Friday, December 21, 2007

The Indiewire Critics Poll

This is one of my favorite year-end lists of the year, the compilation survey that used to appear in the Village Voice but nowadays is handled by Indiewire.com. This is the only critics' circle that matters, as far as I'm concerned: these are some of the smartest writers on film, bunched together with multiple ranked lists, comments, and it's all sponsored by The Bucket List (for your consideration) so they have a sense of humor, too. My favorite bits and pieces that I've noticed so far: crazy Armond White putting I Now Pronounce You Chuck & Larry and The Brave One on his top ten list; Jonathan Rosenbaum choosing Black Book (yay!) and In the Valley of Elah (he should have known better); Southland Tales making it to #3 on Jim Hoberman's list; and the perverse presence on the list of such titles as Norbit, Zoo, and Aqua Teen Hunger Force Colon Movie Film for Theaters.

Thursday, December 20, 2007

On Bloggers and Blogging

Warning: this post contains cathartic rants. I've spent a lot of time online for the last few years and as will happen, friction has resulted. I'm no saint - I'm terribly stubborn and have a perverse tendency to insist on contact with some of the worst people online. After a perfect storm this week of online clashes, it felt like a good time to have my own personal say about certain personalities. What's interesting to me are the different personas that people choose to display online, which may or may not be accurate depictions of themselves.

First up is David Poland of Moviecitynews.com. Ever since becoming independent several years ago on his own site, Poland has developed a specific online persona: the uncorruptible White Knight of the entertainment blogosphere. While he serves a useful purpose (certainly the world of journalism can use some self-policing), he has an unfortunate tendency to ride an incredibly high horse, which wouldn't be a big deal if he wasn't also an occasional hypocrite. Today's example: this post, which I would sum up as "I know a secret, but I'm too good to tell you what it is. Have I mentioned how high my ethical standards are lately?" Dude, when you know a secret that you aren't comfortable spreading around, the appropriate thing to do is to just keep your big fat mouth shut, not advertise your self-proclaimed virtue.

Next, Jeff Wells of Hollywood Elsewhere.
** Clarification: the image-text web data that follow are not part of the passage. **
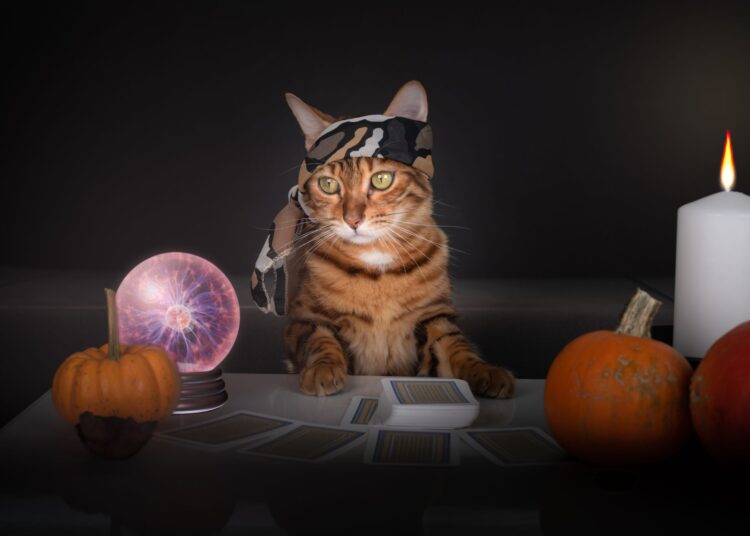 Μπορεί μία γάτα να προβλέψει το μέλλον;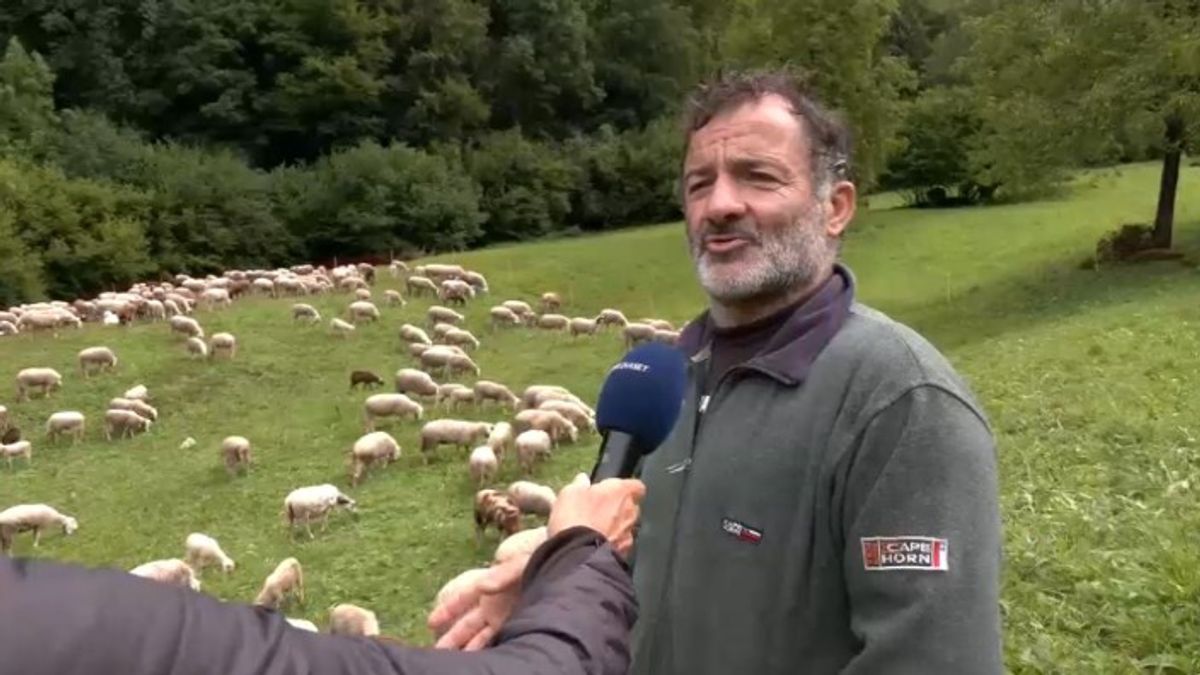 Orsi in Val di Fumo, il racconto di un pastore: "Mi hanno ucciso almeno 30 pecore"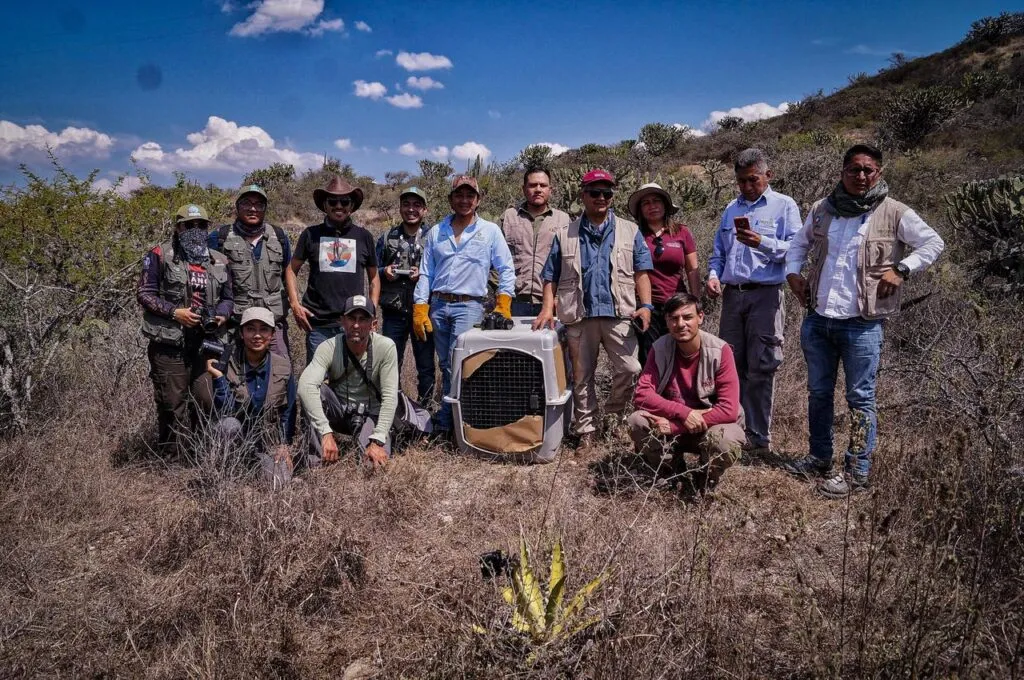 Liberan fauna silvestre a su hábitat en Hidalgo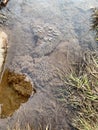 Frog Spawn in a muddy puddle Royalty Free Stock Photo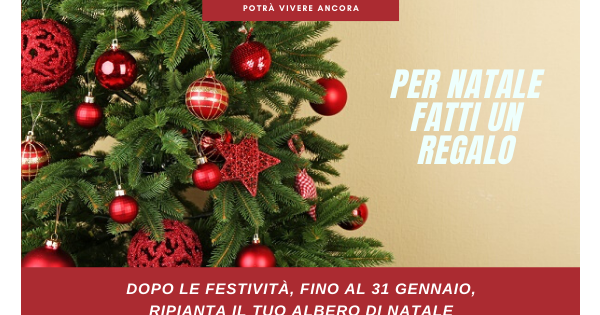 Immagini Abete Di Natale.Arriva A Cesena L Oasi Di Babbo Natale Dove Poter Ripiantare Gli Abeti Di Natale Cesena Home Corriere Cesenate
Wells knows that in most respects he's kind of a slug, but he does cling to an aesthetic superiority complex, which combines with a certain low-grade fascism to produce a thuggish critical viewpoint. Wells has a number of irrational hatreds for various filmmakers such as Steven Spielberg and Peter Jackson, which he shamelessly exploits for site traffic on posts like this one. Mostly, though, the strangest thing about Wells is the archaic, affected lingo he likes to use, things like "ayem", "boyo", "hubba-hubba" and so on. He's a living Damon Runyon character.
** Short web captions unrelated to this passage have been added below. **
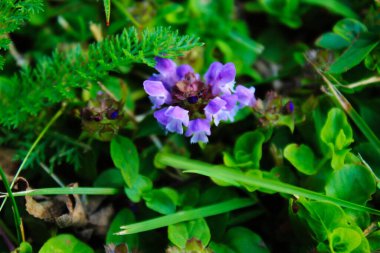 Mor çiçeğe odaklı çimlerde doğal olarak yetişen bitkiler. Bitkiler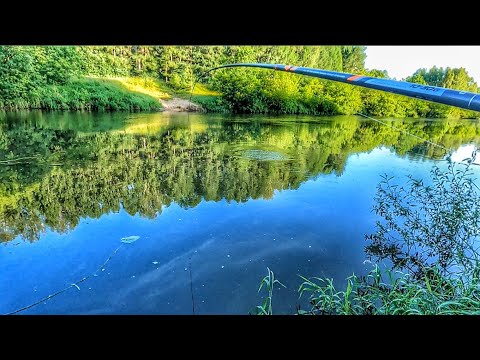Видео: 5 МИНУТ БОРЬБЫ С ГИГАНТОМ И МОРЕ АДРЕНАЛИНА!РЫБАЛКА НА ПОПЛАВОК У ДОМА!🎣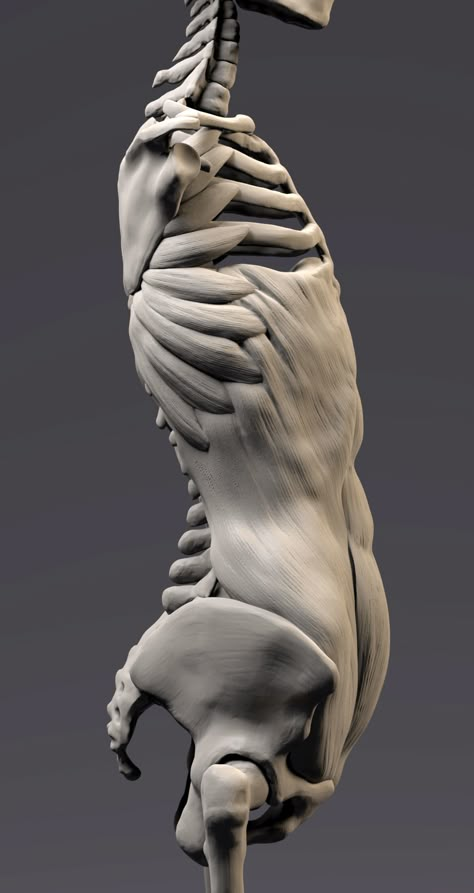 Digital sculpture showing external oblique and serratus anterior muscles External Oblique, Oblique Muscles, Serratus Anterior, Drawing Anatomy, Anatomy Sculpture, Digital Sculpting, Human Body Anatomy, Anatomy Tutorial, Digital Sculpture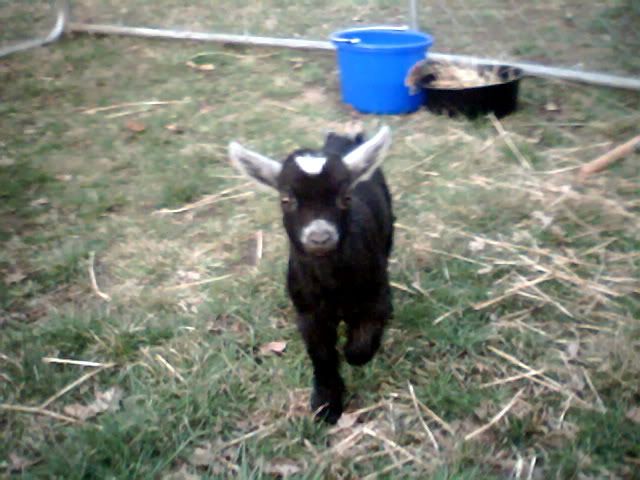 New baby pygmy goat...? - Goats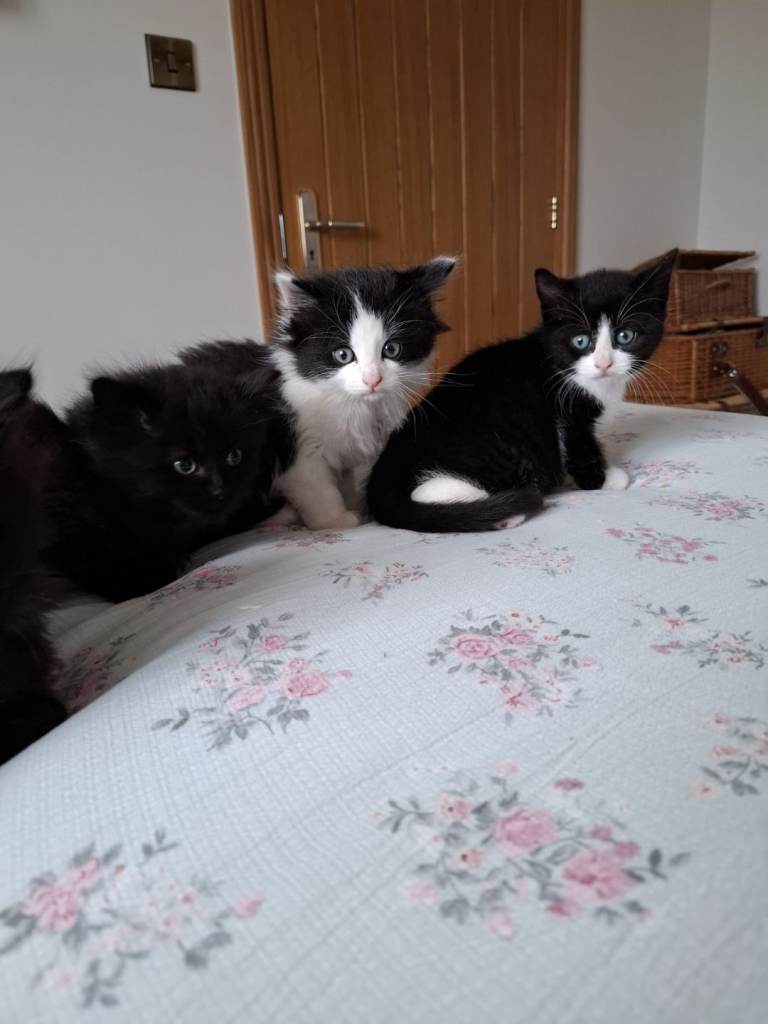 Kittens short and long haired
Poland and Wells both fancy themselves as crusaders for moral and artistic standards in a debased world; fair enough, most of us do. Fighting this crusade like a modern-day Travis Bickle is Daniel Zelter, who trolls Wells's site with a never-ending series of snide posts targeted at those he disagrees with on political and movie-related subjects. It's a rare post from him that isn't about something that he hates, be it Quentin Tarantino, Harvey Weinstein, the Republican Party, the Arclight, living in Los Angeles, or the people who pretend to be his friends (his words, not mine). Zelter is especially frustrating to deal with because of his total lack of any sense of humor or irony. I have to assume that he has some form of Asperger's Syndrome because that's the only way to make sense of his rigid facade of obsessiveness and his total disinterest in social engagement. He also reminds me of my younger brother, except that I knew that, ultimately, my brother was just screwing with me. Zelter, I think, honestly believes all of his crap.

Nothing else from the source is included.